Jake Gardiner looked poor on Eric Staal's centering pass to Chris Terry (who?), and also failed to break up the pass on the two-on-one of Dwyer to Faulk. There were a lot of opportunities to look bad, especially early, but he was a little stronger later in the game.

On the team:

Interestingly, midway through the game, Carlyle started mixing up the lines a bit. JVR and Lupul swapped lines (in keeping with Randy's "forward pairs" philosophy), and the defense broke away from Leafs started mixing up the lines in the bottom half of the second. Burtch pointed out Rielly-Robidas was an awful pairing in the first (0% CF), and Randy had Rielly playing alongside Phaneuf to start the second. At first glance, it looked like it was working, but reviewing the game a little bit, the Leafs failed to really gain on the Canes' gap in shots, even after the line mixup. Which is to say: that's what it's supposed to look like.

Carolina looked fast, and they looked like they were using their speed effectively against the Leafs.
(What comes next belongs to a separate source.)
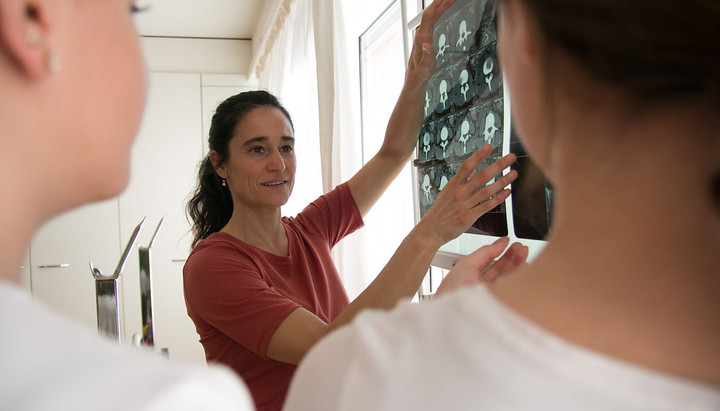 Portrait von Physiotherapie-Center Oberwil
Tons of chances on the rush, in close to the Leafs' net, and a surprising looking now how to use their speed to crash the net and get wraparound chances. How many did they have in the first? I thought Bernier was going to get dizzy.

The Leafs take on the Flyers on Saturday, who are considerably closer to the Leafs in terms of year-to-date possession stats. It'll be interesting to see if Randy stays with any of the blended lines, or if he reverts to the usual setup.